= Beginning of Section =
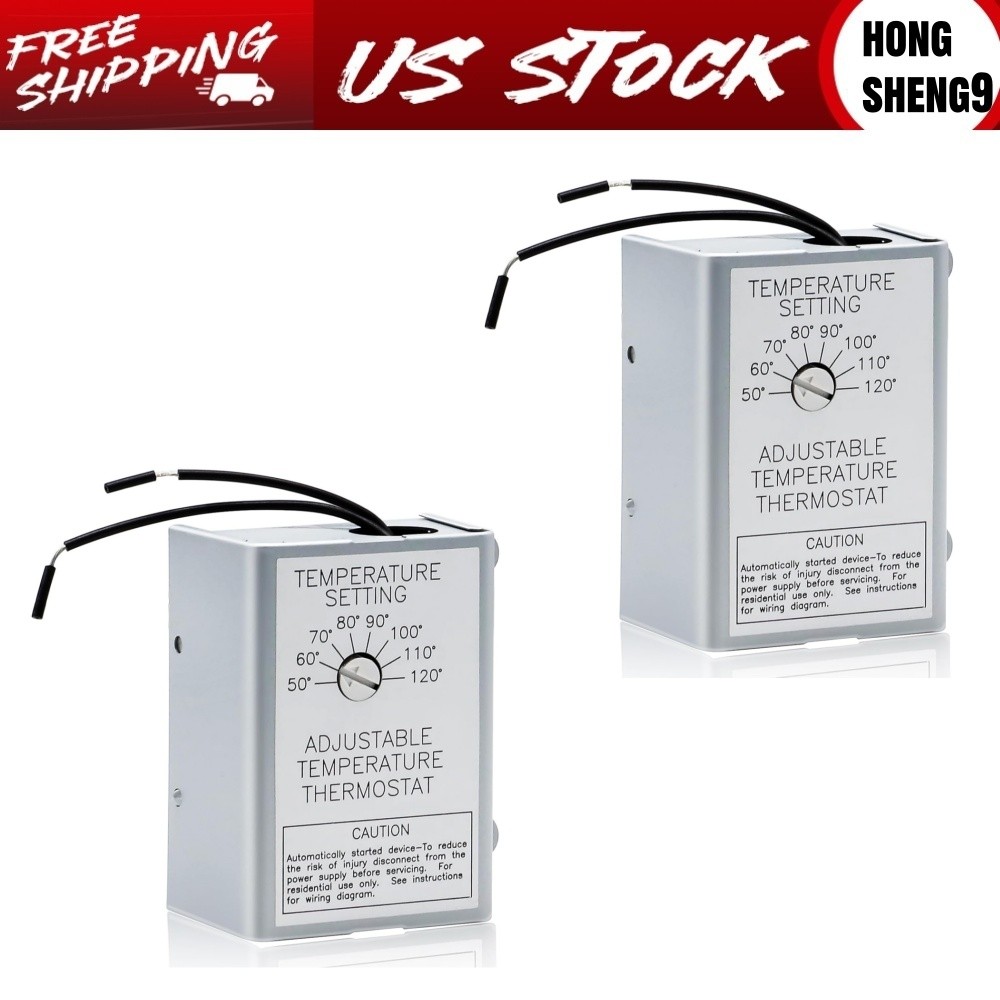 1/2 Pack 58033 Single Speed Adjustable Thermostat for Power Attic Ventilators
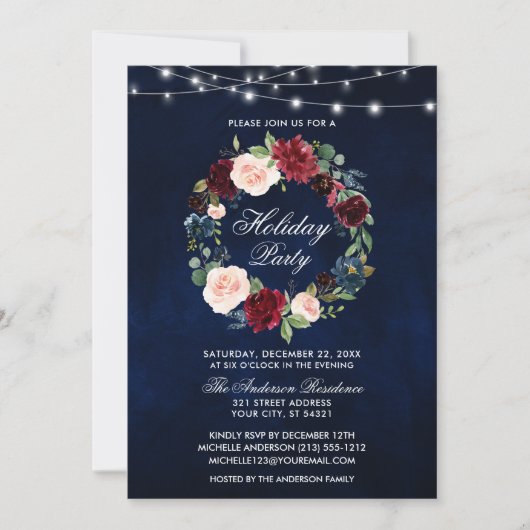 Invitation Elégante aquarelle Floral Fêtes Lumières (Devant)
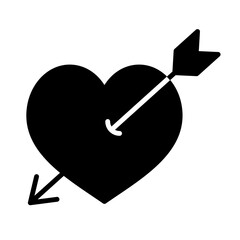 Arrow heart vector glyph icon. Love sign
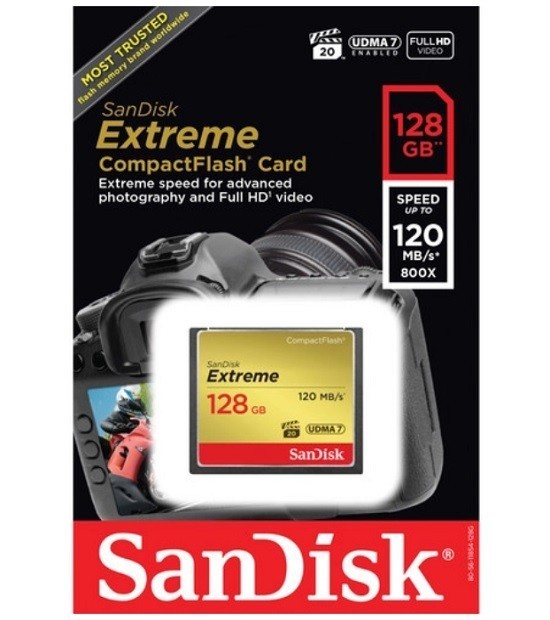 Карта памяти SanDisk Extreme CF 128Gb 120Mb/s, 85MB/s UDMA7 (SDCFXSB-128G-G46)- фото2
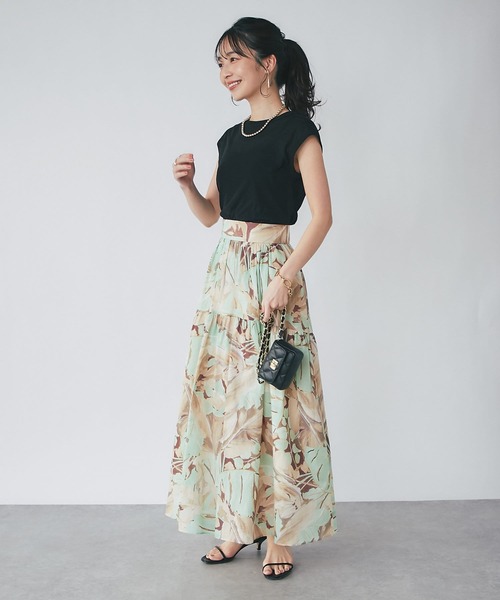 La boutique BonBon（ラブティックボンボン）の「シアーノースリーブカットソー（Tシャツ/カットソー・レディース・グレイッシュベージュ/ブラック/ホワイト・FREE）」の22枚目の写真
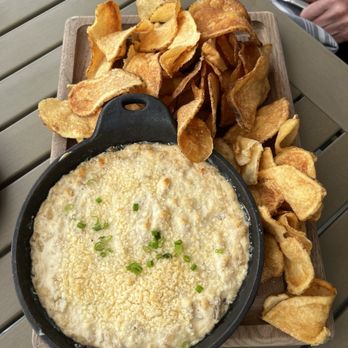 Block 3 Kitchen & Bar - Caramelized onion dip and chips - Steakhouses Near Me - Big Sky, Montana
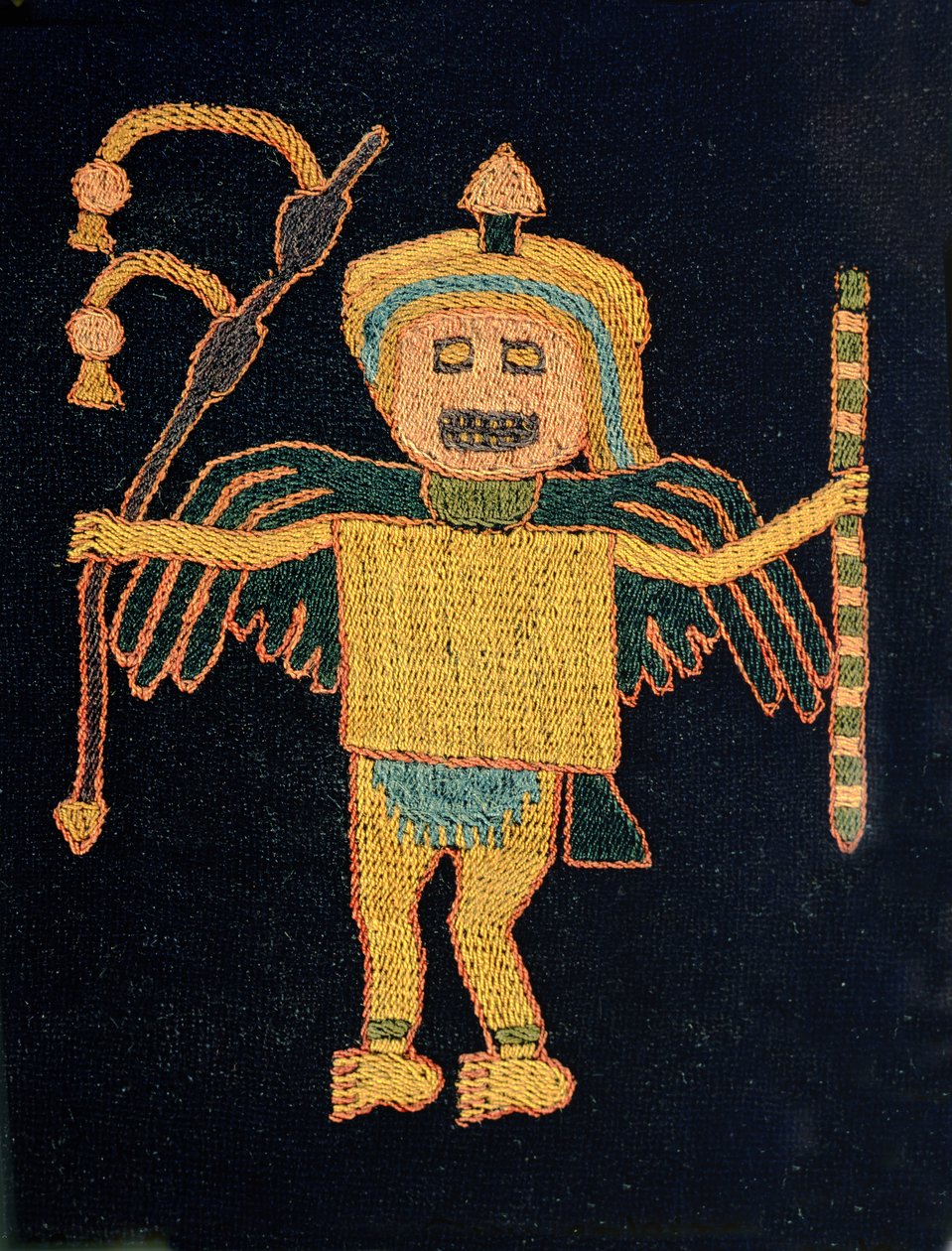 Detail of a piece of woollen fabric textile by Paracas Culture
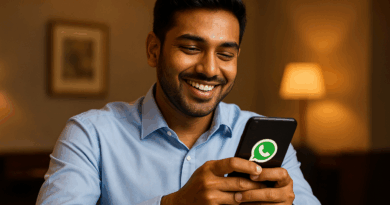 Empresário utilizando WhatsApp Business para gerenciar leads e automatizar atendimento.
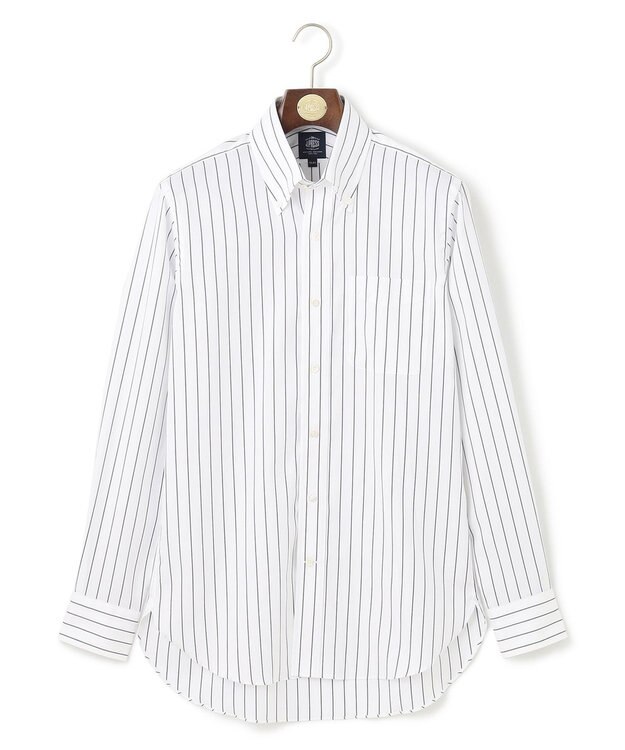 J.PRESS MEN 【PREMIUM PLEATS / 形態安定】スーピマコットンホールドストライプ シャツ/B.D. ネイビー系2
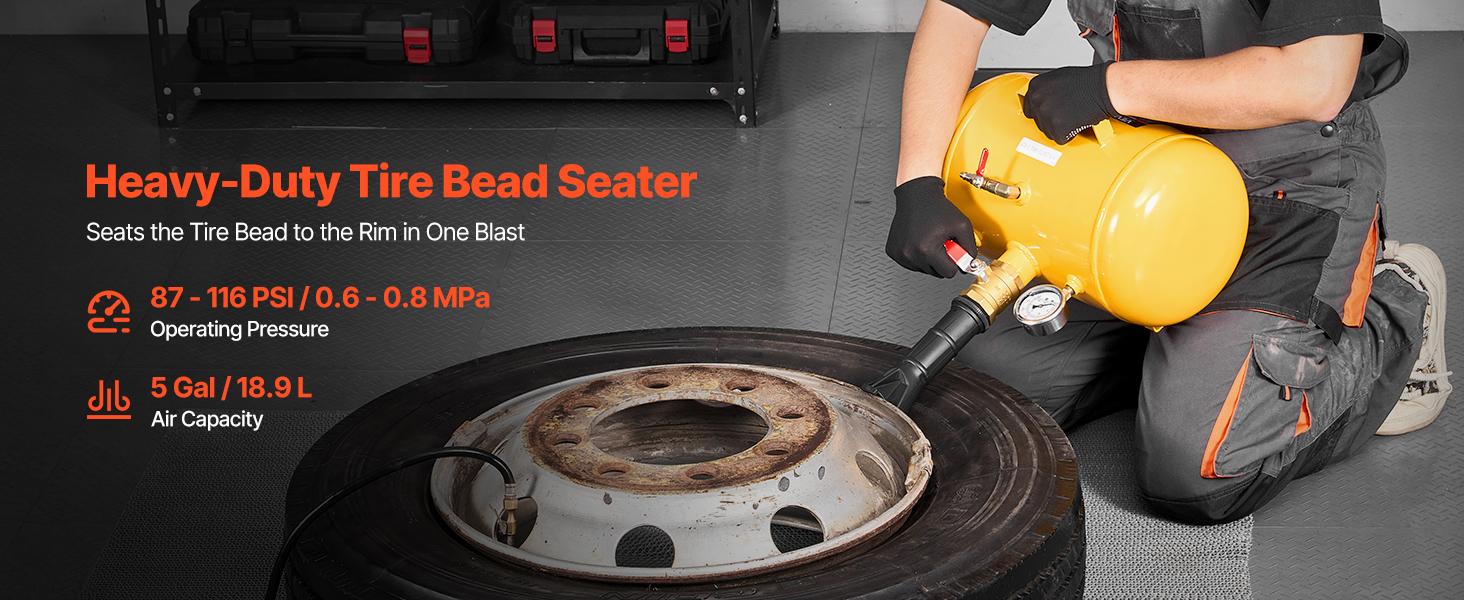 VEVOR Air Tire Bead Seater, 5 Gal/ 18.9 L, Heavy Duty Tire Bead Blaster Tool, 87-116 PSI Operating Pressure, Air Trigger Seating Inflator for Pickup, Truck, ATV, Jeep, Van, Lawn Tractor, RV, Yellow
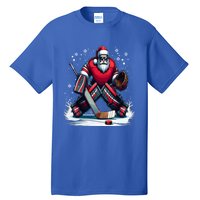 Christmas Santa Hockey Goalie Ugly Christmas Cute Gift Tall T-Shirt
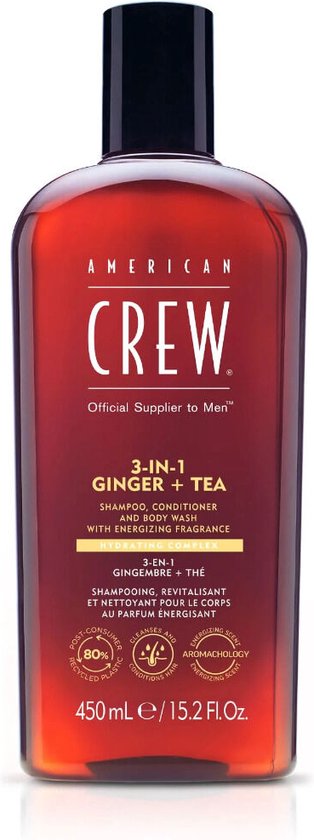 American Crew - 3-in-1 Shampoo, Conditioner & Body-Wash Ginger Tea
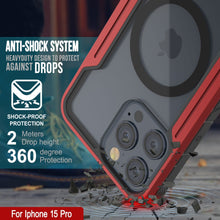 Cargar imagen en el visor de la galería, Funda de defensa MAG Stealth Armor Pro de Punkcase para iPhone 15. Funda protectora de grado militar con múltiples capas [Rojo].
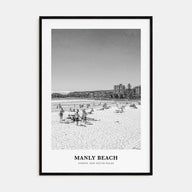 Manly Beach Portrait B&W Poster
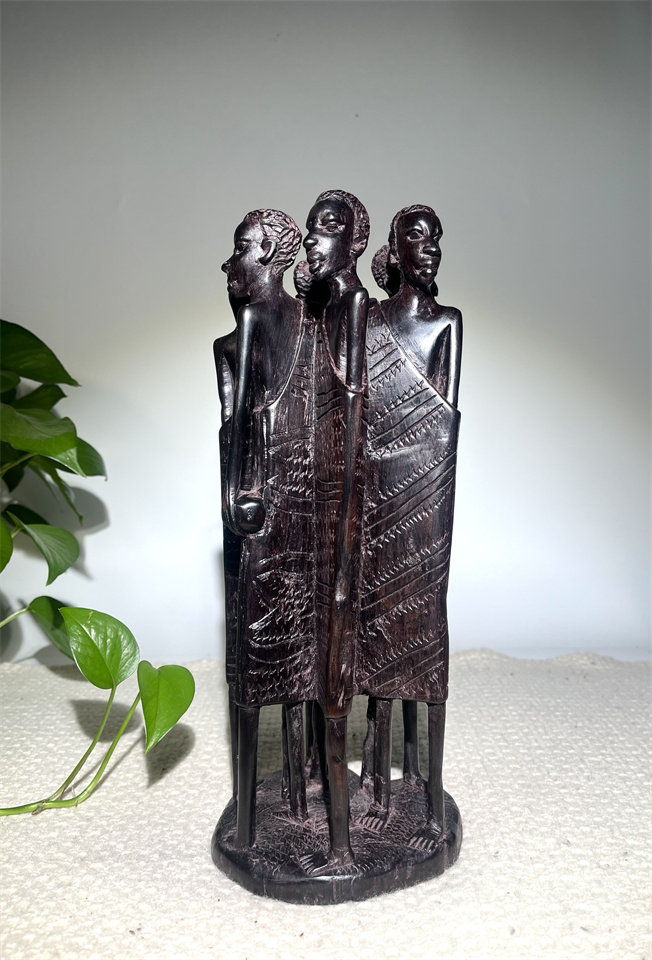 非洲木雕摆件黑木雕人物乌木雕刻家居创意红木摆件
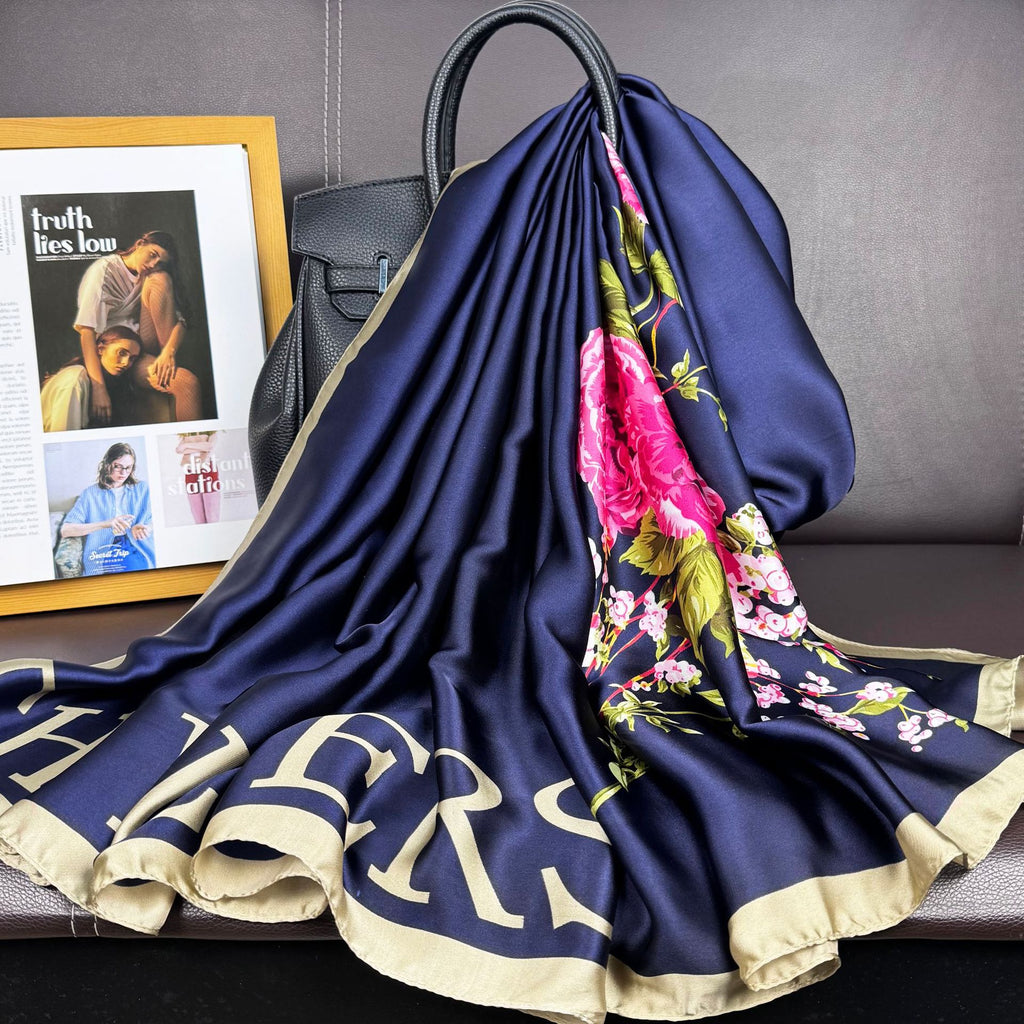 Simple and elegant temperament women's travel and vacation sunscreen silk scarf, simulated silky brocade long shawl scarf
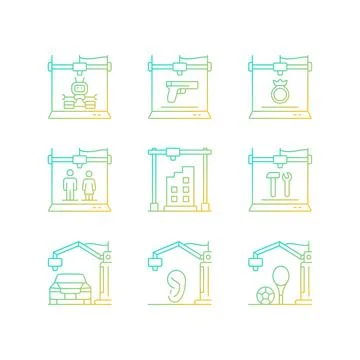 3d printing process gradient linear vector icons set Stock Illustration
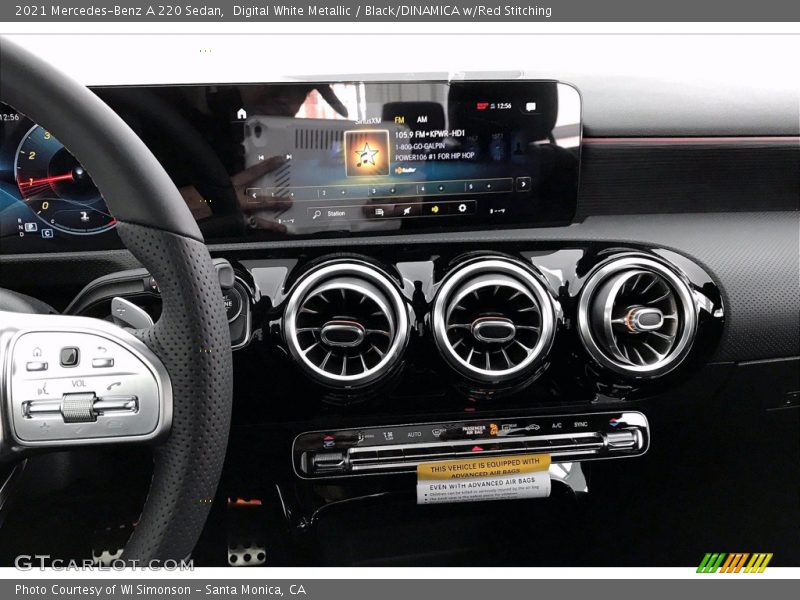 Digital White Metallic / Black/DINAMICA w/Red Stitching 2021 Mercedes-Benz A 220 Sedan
= End of Section =
None of the pictures belong in the copy. Write out exactly the lines from the line that holds "Christmas Santa Hockey" through the last line of the listing above, both ends included.

* Result for this task
 Christmas Santa Hockey Goalie Ugly Christmas Cute Gift Tall T-Shirt
 American Crew - 3-in-1 Shampoo, Conditioner & Body-Wash Ginger Tea
 Cargar imagen en el visor de la galería, Funda de defensa MAG Stealth Armor Pro de Punkcase para iPhone 15. Funda protectora de grado militar con múltiples capas [Rojo].
 Manly Beach Portrait B&W Poster
 非洲木雕摆件黑木雕人物乌木雕刻家居创意红木摆件
 Simple and elegant temperament women's travel and vacation sunscreen silk scarf, simulated silky brocade long shawl scarf
 3d printing process gradient linear vector icons set Stock Illustration
 Digital White Metallic / Black/DINAMICA w/Red Stitching 2021 Mercedes-Benz A 220 Sedan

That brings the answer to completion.